The worst bits are the talky passages, in particular a sub-Dostoevskian scene where the characters sound off bitterly and sarcastically at each other. And towards the end, the characters seem to be trying to explain the film to us by means of meandering philosophical ponderings. There are problems with the acting - plenty of hammy moments, and a general sense that the actors are not quite sure what they’re aiming for. A notable exception to these criticisms is the luminous Natalya Bondarchuk: the director himself observed that this 21-year-old fresh out of drama school outshone the rest of the cast.
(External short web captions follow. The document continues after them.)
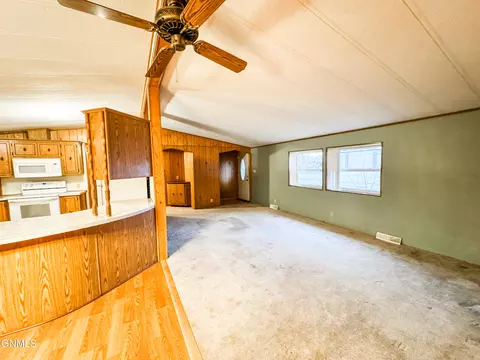 91 66th St E, Williston, ND 58801 photo 12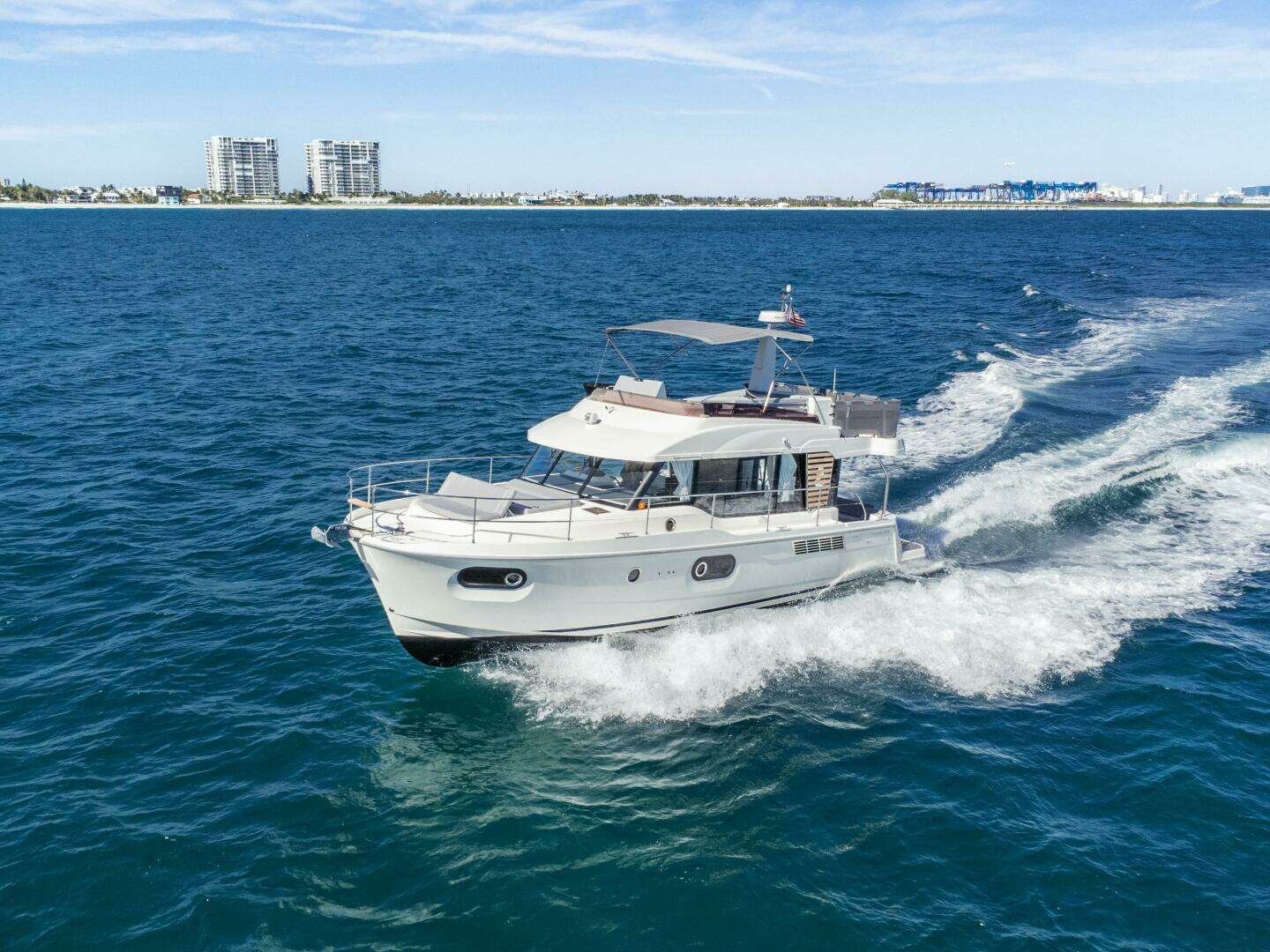 2025 Beneteau — - Image 3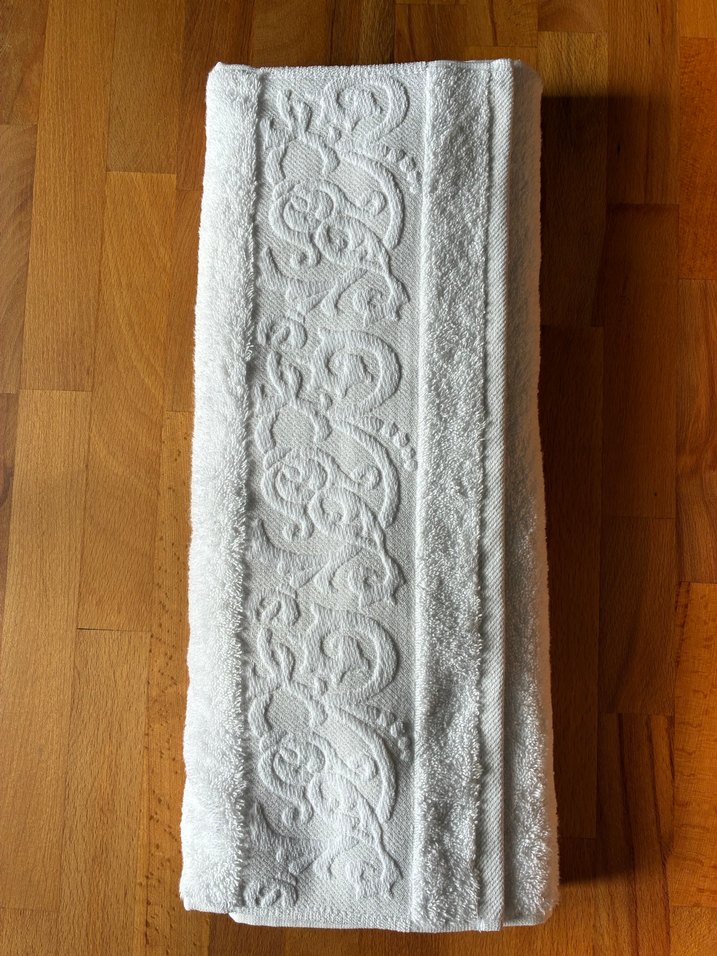 Nakışlı Beyaz Banyo Havlusu - Görsel 2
The best bits are not just those with no actors on the screen, but also the mainly silent scenes, central to the story, between Kris the spaceman and Hari the woman from his past. A couple of dream/hallucination sequences are inspired additions to Lem, in terms of imaginative vision if not of content. The most striking invention is a weightless scene of great beauty and mystery. And with the exception of the dialogue scenes, the film is a visual tour de force. About two hours in (!) it really takes off, as the director seems to forget about getting the story straight and contents himself with making strange and beautiful variations on themes of doubt, unease and illusion.

For all its faults, this is an extraordinary film. But, especially if you admire the book, you might prefer the 2002 remake by Steven Soderbergh, starring George Clooney and Natascha McElhone. It concentrates on the crucial relationship between Kris and Hari, and it supplies what Lem and Tarkovsky both fail to come up with: a really excellent ending. If buried in you there are any feelings of regret or remorse about ended relationships, be ready to have them unearthed. The remake manages, like the book, to convey the sense that this work of science fiction is perhaps not really about strange happenings in an imaginary future, nor even about man and the unknowable universe, but about love and loss and memory in our own lives.